Through Building Healthy Communities, young people have stepped up to lead the fight for healthier schools, neighborhoods, and smarter health systems. PYC Ambassadors for Youth are lead thought partners in redefining wellness for California’s youth and providing youth perspective on expanding leadership roles for youth in advancing health equity and health justice campaigns to strengthen youth voice and leadership across communities, at a statewide level and nationally. We invite PYC Members, as Ambassadors for Youth, to help us realize an inclusive California with Health Equity and Health Justice for All.


PRESIDENT’S YOUTH COUNCIL

EFRAIN BOTELLO

Efrain Botello is a youth leader that was born and raised in Fresno, CA. He is now working as an Outreach Worker at Fresno Barrios Unidos, a community benefits organization that empowers youth and families through education, wellness, and advocacy. Some of his responsibilities at Fresno Barrios Unidos have included conducting outreach to many community members throughout Fresno and helping support the El Joven Noble rites of passage program. Through working with Fresno Barrios Unidos, Efrain has also been heavily involved with the Fresno Boys and Men of Color initiative where he has advocated for the improvement of his beloved communities health. Some of the many issues Efrain has advocated for have included bringing safe parks to his community, creating healthy relationships between the Fresno Police Department and youth across Fresno, and making sure everyone feels safe in schools by making Fresno Unified School District a sanctuary for all. Efrain is now studying Sociology at Fresno City College and will soon transfer to CSU Fresno to finish his education. After graduating, Efrain dreams of serving as a mentor and counselor for youth in his community. He wants to leave a positive impact on young people’s lives so they can be able to reach their full potential. On his free time, Efrain loves anything that will keep him active. Some of his favorite hobbies include playing soccer, weightlifting, listening to music, and hanging out with his loved ones.

 

CHRISTOPHER COVINGTON

A proud product of Long Beach, California, Christopher Covington has dedicated his life to a future where all who have historically been marginalized, made invisible, and unheard are uplifted and empowered to challenge and deconstruct the systems of oppression. He is a multiracial, queer person of color with many identities and lived experiences that deeply connects him to intersectional movements and spaces. Growing up working class he was determined that he would not be boxed in by the limitations others placed on him. His dedication and determination to advancing issues led him to organize with his community in the fight for social justice. Their work produced major local and national policy, systems and cultures shifts in the fields of labor, education, LGBTQ+ and health. He is the Southern California Local Community Organizer for the Genders and Sexualities Alliance Network empowering trans and queer youth to unite for racial and gender justice. In his free time, he enjoys caring for his dog Leo and houseplants, engaging in wellness practices and making memories with friends and loved ones.

 

ALICIA DE LEON MENDOZA

Hello! I am Alicia De Leon Mendoza, a full-time student at Oregon State University and an ambassador for youth through the President’s Youth Council. God willing I plan to graduate with two degrees at the end of 2017, a B.S. in Finance and a B.S. in Marketing.

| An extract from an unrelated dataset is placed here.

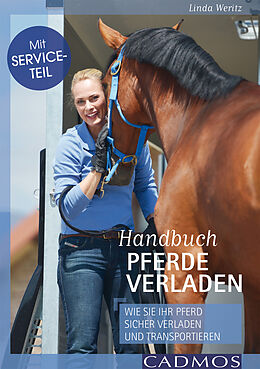 E-Book (epub) Handbuch Pferde verladen von Linda Weritz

Before the PYC I was heavily involved with student and community groups in my hometown of Crescent City, CA located on the coast just south of the Oregon border. Growing up I mostly kept to myself but that changed during my sophomore year of high school. At this time I joined the DNHS Drill Team, C.H.A.N.G.E. Club, Interact Club and many other extracurriculars. This was also the year that my involvement with The California Endowment would commence. I can proudly say I was on my local stakeholder committee for the Building Healthy Communities Initiative in during its beginnings.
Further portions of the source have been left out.